Hongrie : la seconde mort d´Imre Nagy

Hongrie : la seconde mort d´Imre Nagy

  Récit d´une exécution posthume

 

C´était l´un des monuments les plus photographiés de Budapest. La statue d'Imre Nagy, appuyé au parapet d´un pont en bronze face au Parlement, faisait la joie des touristes. Mais voilà qui est bien fini. Ceux qui, sur les conseils de leur guide, viendront l´y chercher, ne la trouveront plus : elle a été démontée dans la nuit du 28 décembre pour se voir reléguée loin de là dans un square isolé.

Pourquoi donc ? Selon la version officielle : restituer aux abords du Parlement leur aspect d´avant-guerre.  Autre explication, celle-ci non officielle : l´hostilité affichée par Viktor Orbán et ses proches vis-à-vis d´Imre Nagy.
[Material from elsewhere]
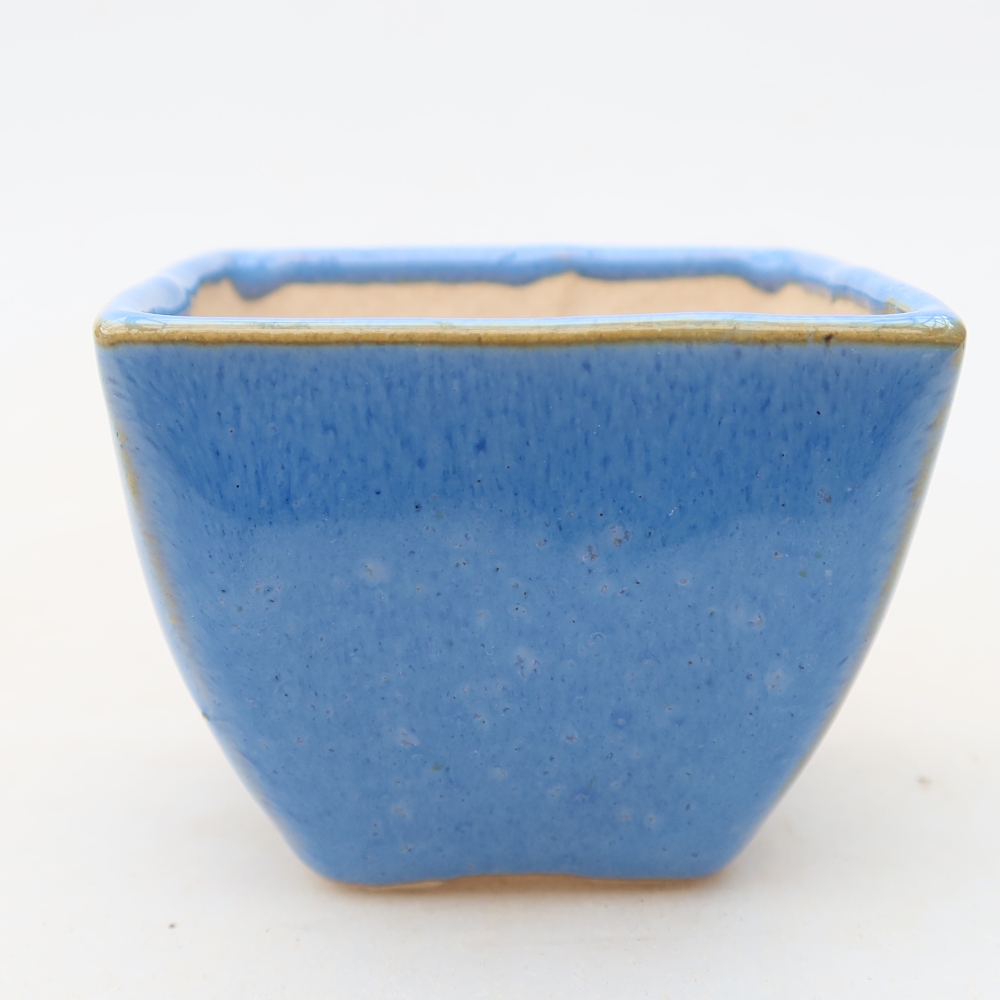 Keramická miska na bonsaje 5,5 x 5,5 x 4,5 cm, farba: modrá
Taxé d´avoir été „un communiste pur et dur, suppôt de la Russie stalinienne” (!). Or, Imre Nagy, exécuté en 1958 est considéré comme le héros de la Révolution de 1956. Membre du Parti communiste, certes, voire Président du Conseil, mais qui se rallia aux revendications des insurgés face à l´occupant soviétique. Au point que, sous sa conduite, le pays connut quelques jours de liberté avec le départ des tanks russes. Tanks qui devaient revenir la nuit du 4 novembre pour occuper la capitale et écraser la Révolution.  A la suite de combats qui devaient encore durer une dizaine de jours, sous la conduite d'Imre Nagy en personne. Une fois la révolution matée, Imre Nagy fut arrêté pour être jugé et pendu en juin 1958. Une personnalité dont la mémoire est depuis honorée dans le monde entier, toutes tendances politiques confondues. Sauf, apparemment, par Viktor Orbán et sa cour…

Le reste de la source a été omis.